### WHAT IS REQUIRED:
Give back exactly the stretch of data below from the line holding "Room 99 of 121" through the line holding "Behringer MS-1 Rood, Muziek", both ends included, and leave the remaining lines out.

### LISTED RECORDS:
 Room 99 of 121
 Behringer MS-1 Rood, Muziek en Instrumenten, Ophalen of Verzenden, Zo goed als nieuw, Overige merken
* * *
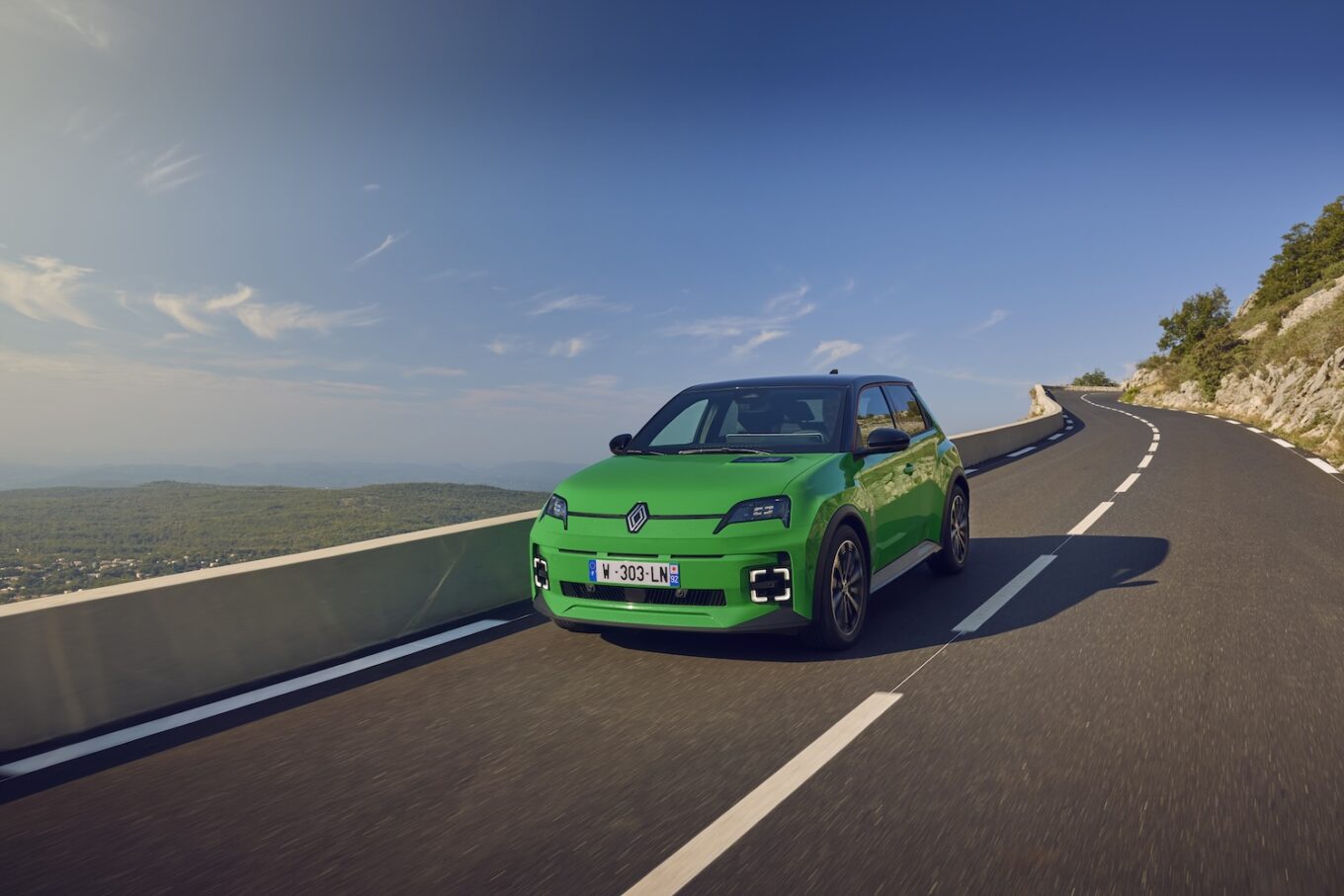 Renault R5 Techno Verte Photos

### SOLUTION TO THIS PROBLEM:
 Room 99 of 121
 Behringer MS-1 Rood, Muziek en Instrumenten, Ophalen of Verzenden, Zo goed als nieuw, Overige merken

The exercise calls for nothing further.